Google won't be fined by the Federal Trade Commission over its accidental Street View collection of Wi-Fi data fragments.
Declan McCullaghFormer Senior Writer
Declan McCullagh is the chief political correspondent for CNET. You can e-mail him or follow him on Twitter as declanm. Declan previously was a reporter for Time and the Washington bureau chief for Wired and wrote the Taking Liberties section and Other People's Money column for CBS News' Web site.
Google won't face any fines from U.S. regulators over its accidental Street View Wi-Fi data collection.
The Federal Trade Commission sent a letter to the search company today, saying that because Google has made improvements to its internal privacy practices, including a formal review process, it would not pursue the matter further.
"Because of these commitments, we are ending our inquiry into this matter at this time," wrote David Vladeck, director of the FTC's Bureau of Consumer Protection.
In May, Google said that because of a programming error, its Street View cars had intercepted fragments of data from unencrypted Wi-Fi networks for periods of 200 milliseconds at a time. An investigation by the Canadian government showed that the about 12 Blu-ray discs' worth of Wi-Fi transmissions worldwide were collected after an unnamed Google engineer failed to follow company procedures--by not sending design specifications for Street View code to the company's legal department for review.

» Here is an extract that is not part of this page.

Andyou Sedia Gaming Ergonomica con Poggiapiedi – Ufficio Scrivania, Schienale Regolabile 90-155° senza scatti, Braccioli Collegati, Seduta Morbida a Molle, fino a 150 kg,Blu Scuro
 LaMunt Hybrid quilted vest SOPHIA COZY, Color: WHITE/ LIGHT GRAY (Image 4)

Google acknowledged last week that, in some cases, it collected e-mail messages and passwords. There is no evidence the data was ever misused. The company has no plans to resume using its Street View cars to collect information about the locations of Wi-Fi networks.
Vladeck's letter said that Google "should develop and implement reasonable procedures" to "identify risks to consumer privacy."
In a blog post on October 22, Google outlined the steps it was taking to improve its privacy practices, including appointing computer scientist Alma Whitten as a director of privacy, and better training and legal compliance.
Some other privacy commissioners continue to investigate Street View.
Update 10:15 a.m. PT: Google just sent over this statement: "We welcome the news that the FTC has closed its inquiry and recognized the steps we have taken to improve our internal controls. As we've said before and as we've assured the FTC, we did not want and have never used the payload data in any of our products or services." And while I'm at it, in case there's any confusion, the investigations aren't targeting Street-View-the-mapping-product. Instead, the agencies have been looking into how Google's cars that did the mapping separately collected fragments of unencrypted Wi-Fi transmissions.
Disclosure: McCullagh is married to a Google employee not involved in Street View.